Forum tersebut mempertemukan jajaran komisaris dan direksi BUMD se-DKI Jakarta bersama sejumlah pejabat Pemprov DKI. Hadir dalam kesempatan itu Gubernur DKI Jakarta Pramono Anung, Sekretaris Daerah Uus Kuswanto, serta sejumlah pejabat terkait di bidang ekonomi dan keuangan daerah.
Dalam arahannya, Pramono menekankan bahwa tantangan eksternal seperti kondisi geopolitik global dan potensi dampak El Nino harus diantisipasi sejak dini oleh seluruh BUMD. Menurutnya, kesiapan menghadapi risiko menjadi kunci agar perusahaan daerah tetap stabil dan mampu mendukung perekonomian Jakarta.
“Saya minta BUMD mempersiapkan diri karena kondisi global sedang tidak stabil, ditambah potensi El Nino dari April sampai September,” ujar Pramono.

Ia juga menegaskan bahwa dalam satu tahun ke depan, BUMD perlu melakukan konsolidasi untuk memperkuat posisi mereka. Beberapa BUMD Jakarta, lanjutnya, kini tidak lagi hanya beroperasi di tingkat lokal, melainkan sudah berkembang lebih luas.
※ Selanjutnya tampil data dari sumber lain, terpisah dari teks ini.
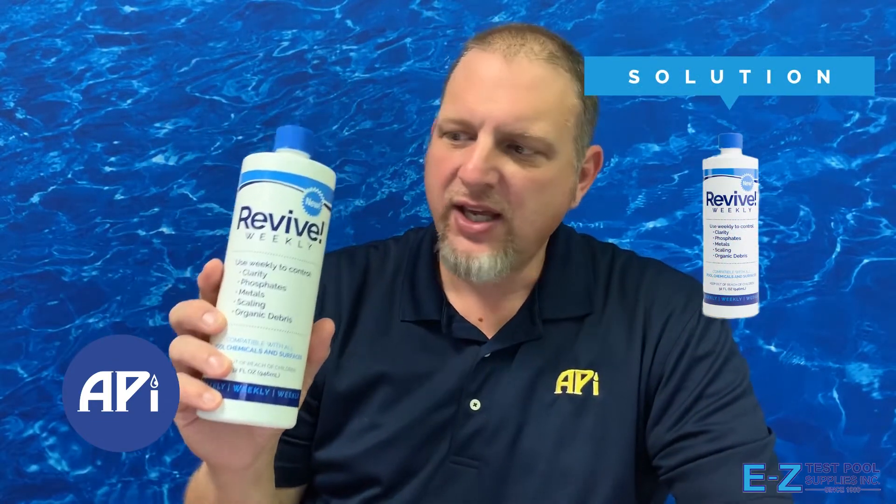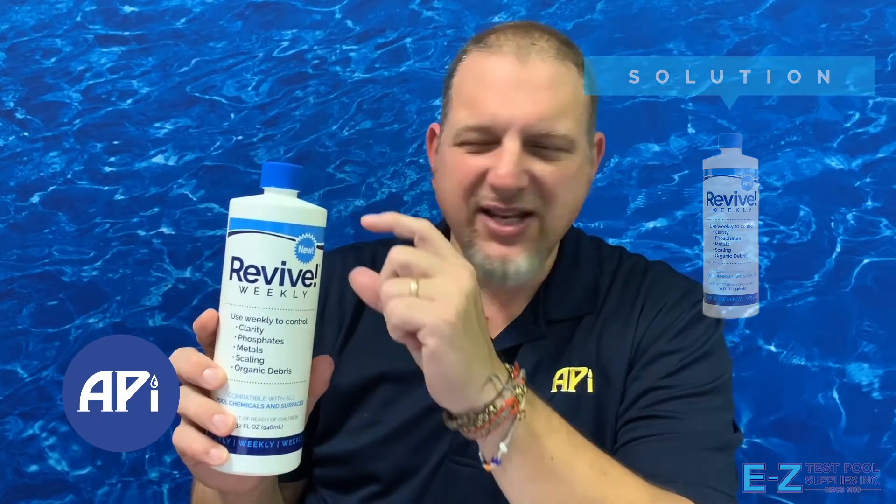The way to combat that is to use Revive Weekly. If you use this on a weekly basis — it's literally just four ounces for 10 or 12,000 gallons — what that will do is work in conjunction with your filter to actually pull those small particles out that you can see in front of the light at night.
“Saya berharap dalam satu tahun ke depan BUMD melakukan konsolidasi. Banyak BUMD Jakarta yang sudah bukan pemain lokal lagi dan ini harus dimanfaatkan untuk memberikan dampak lebih besar bagi daerah,” katanya.
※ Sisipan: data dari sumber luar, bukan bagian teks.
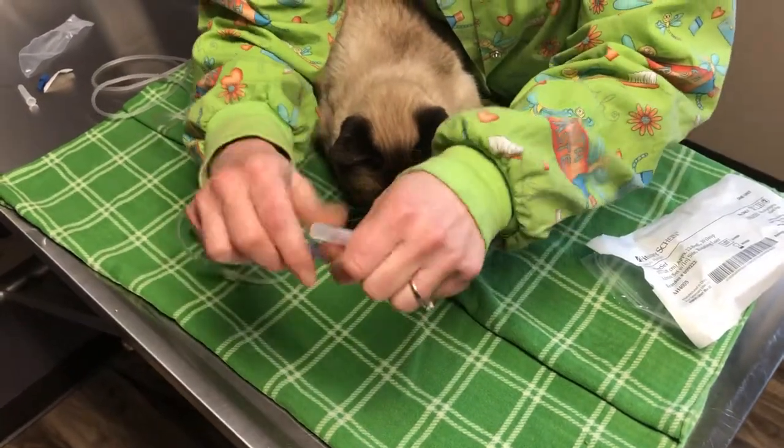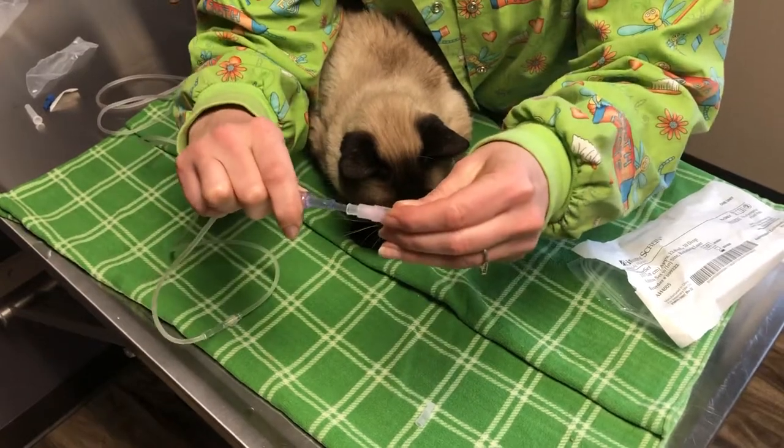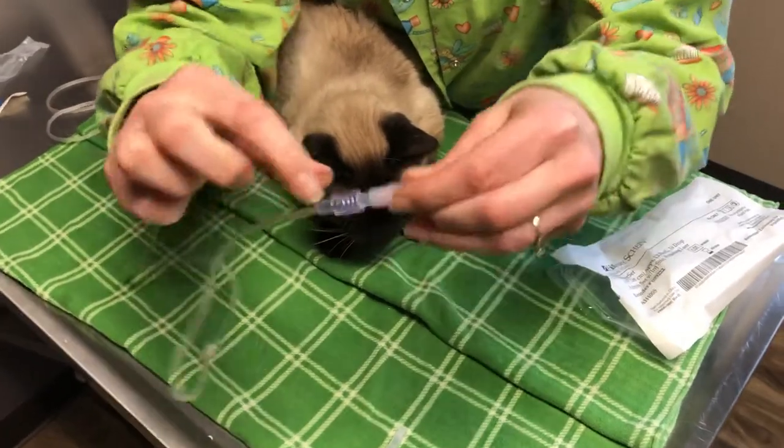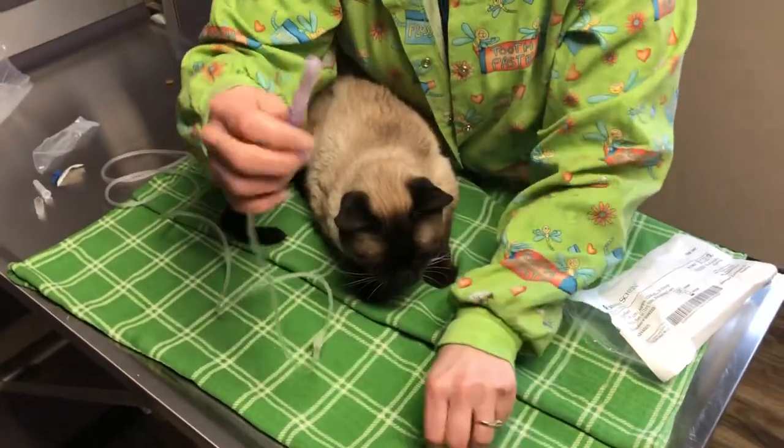There's a little safety cap on the needle that you just take off. You hook the two together and this goes straight through — and that's straight.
Selain fokus pada kesiapan menghadapi risiko, forum ini juga membahas langkah konkret peningkatan kinerja BUMD. Kepala Badan Pembinaan BUMD DKI Jakarta menjelaskan, pembahasan difokuskan pada penguatan pembiayaan, peningkatan investasi, serta optimalisasi aset.
“Fokus utama forum ini adalah meningkatkan daya saing, kesehatan perusahaan, dan kapasitas pembiayaan pembangunan Jakarta,” ujarnya.
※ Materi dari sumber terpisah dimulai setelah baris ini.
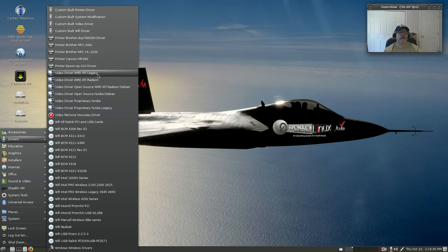You've got AMD and Nvidia drivers available. It looks like they have pretty much everything covered, which is pretty unusual — you don't find that often.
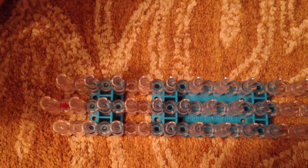Hi guys, I'm going to be teaching you how to make the rainbow loom ladder bracelet. It's going to look like this.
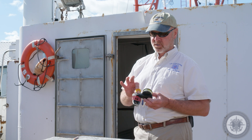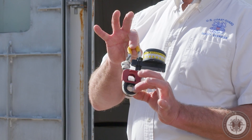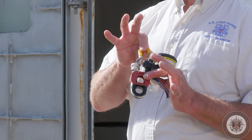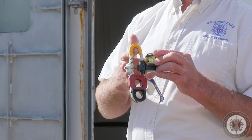As commercial fishing vessel safety examiners, we need to ensure that it's installed properly. I've seen them sideways and upside down. It's critical that we identify the raft is attached to the deck, the sea painter is attached to the sea painter, and the pelican hook is attached to the yellow.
Ia menambahkan, pada triwulan pertama 2026 telah dilakukan penandatanganan fasilitas kredit oleh Bank Jakarta kepada sejumlah BUMD, termasuk Perumda Dharma Jaya dan Food Station Tjipinang.
Selain itu, dibahas pula skema penjaminan proyek strategis melalui PT Jamkrida Jakarta guna mendukung pembiayaan dan meminimalkan risiko usaha.
Di sisi lain, optimalisasi aset juga menjadi perhatian. BUMD didorong untuk mengembangkan berbagai potensi, mulai dari sektor properti seperti hotel dan hunian campuran, hingga infrastruktur seperti pengolahan air limbah dan distribusi pangan.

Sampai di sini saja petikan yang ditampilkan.